Dans ce grand État, les ducs de Bourgogne mènent une existence fastueuse. Les « joyeuses entrées », les pas d’arme (l’Arbre de Charlemagne à Marsannay en 1443, la Fontaine des Pleurs à Chalon en 1449, le Vœu du Faisan à Lille en 1454) sont restés célèbres. L’éclat de la Cour est particulièrement grand au temps de Philippe le Bon, fondateur en 1429 de l’ordre de la Toison d’or. Le mécénat des ducs annonce celui de la Renaissance ; mais ceux-ci ne résident plus guère en Bourgogne et se laissent de plus en plus attirer par la Flandre. L’État bourguignon n’a plus de véritable capitale.

La mort de Charles le Téméraire en 1477 met fin au grand duché d’Occident. Marie de Bourgogne, sa fille, par son mariage avec Maximilien d’Autriche porte aux Habsbourg toute une partie de l’héritage, source de rivalités futures avec la France. Mais Louis XI rattache le duché à la France.


La province de Bourgogne

Lieu de passage au voisinage de la Suisse, la Bourgogne voit se développer la Réforme, qui apparaît dans la province dès 1524. La nouvelle religion gagne des milieux très divers : artisans, compagnons, serviteurs, bourgeois, notables exerçant des professions libérales. Des conseillers au parlement, Jacques de Vintimille et Jacques Bretagne, lui donnent leur appui, tandis que le conseiller Jean Bégat et Bénigne Martin en sont les vigoureux adversaires et apportent leur soutien au lieutenant général de la province Gaspard de Saulx de Tavannes. L’édit de tolérance de 1562 rencontre une vive opposition en Bourgogne : au parlement, aux états, à la chambre de ville. Jean Bégat est délégué auprès du roi et en obtient le retrait. Cette décision est suivie de mesures coercitives contre les protestants et d’une réaction de ceux-ci ; celle-ci est vigoureusement matée par Tavannes, qui empêche ainsi un fort parti protestant de se constituer. À Tavannes succède en 1571 Léonor Chabot de Charny, qui évite à la Bourgogne le massacre de la Saint-Barthélemy. Mayenne, gouverneur de la province en 1573, fait de celle-ci un des fiefs de la Ligue à la suite de l’assassinat de son frère, Henri de Guise, en 1588. Antoine du Prat, baron de Vitteaux, Jean de Tavannes, et Pierre Jeannin (futur ministre d’Henri IV) donnent leur appui à Mayenne.

Le parlement est alors divisé : le parlement de Bourgogne, ligueur ; le parlement de Flavigny, royaliste, dirigé par Bénigne Frémyot.
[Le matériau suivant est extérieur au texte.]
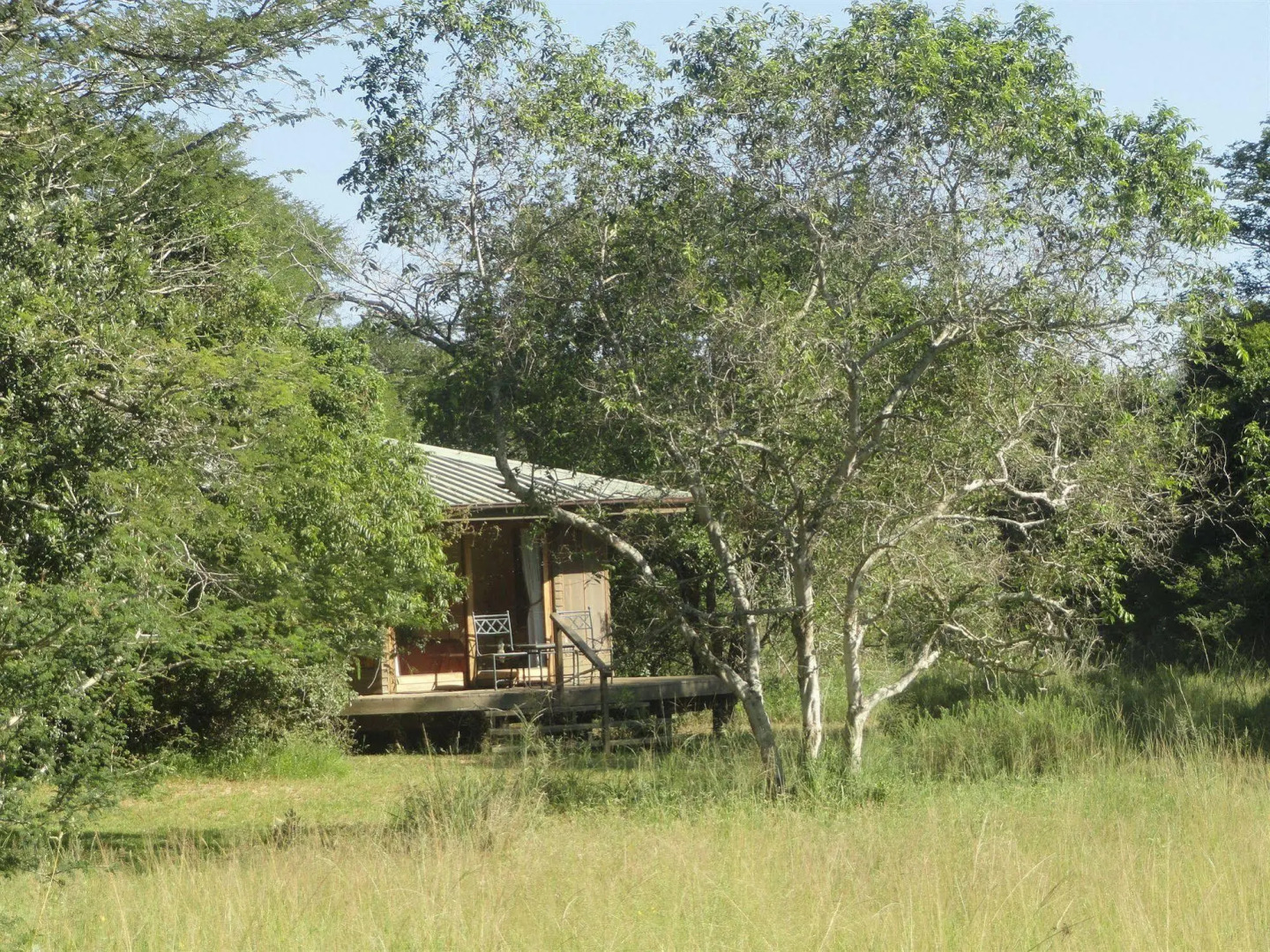 Bushwillow Collection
La misère de la province et l’appel des ligueurs aux Espagnols favorisent la cause d’Henri IV. En 1595, les Espagnols sont battus à Fontaine-Française. Mayenne doit se soumettre et abandonner son gouvernement.

La misère atteint la Bourgogne dans la première moitié du xviie s. : la peste — violente surtout en 1636 —, la famine, les excès des gens de guerre et la mortalité ravagent la province, sans compter une dure fiscalité. En 1629 éclate à Dijon la révolte du Lanturelu, provoquée par un édit qui fait de la Bourgogne, pays d’états, un pays d’élections (circonscriptions fiscales) ; l’édit est supprimé dès 1631.

La Bourgogne, province frontière et route d’invasion, est ravagée par la guerre de Trente Ans. Elle subit la présence des troupes de Matthias Gallas en 1636. Dole est assiégé, mais Saint-Jean-de-Losne est délivré la même année. La Fronde déchire la province à la suite de l’emprisonnement (1650) de son gouverneur, le prince de Condé. Des factions s’affrontent : partisans de Condé, appelés Albions ou Principions, avec le président Jean Bouchu, l’intendant Machault, Pierre Lenet et le comte de Tavannes ; Frondeurs ou Mazarins avec le marquis de Tavannes et Millotet, maire de Dijon. Remplacé par César de Vendôme, puis par le duc d’Epernon, Condé retrouve le gouvernement de Bourgogne en 1660.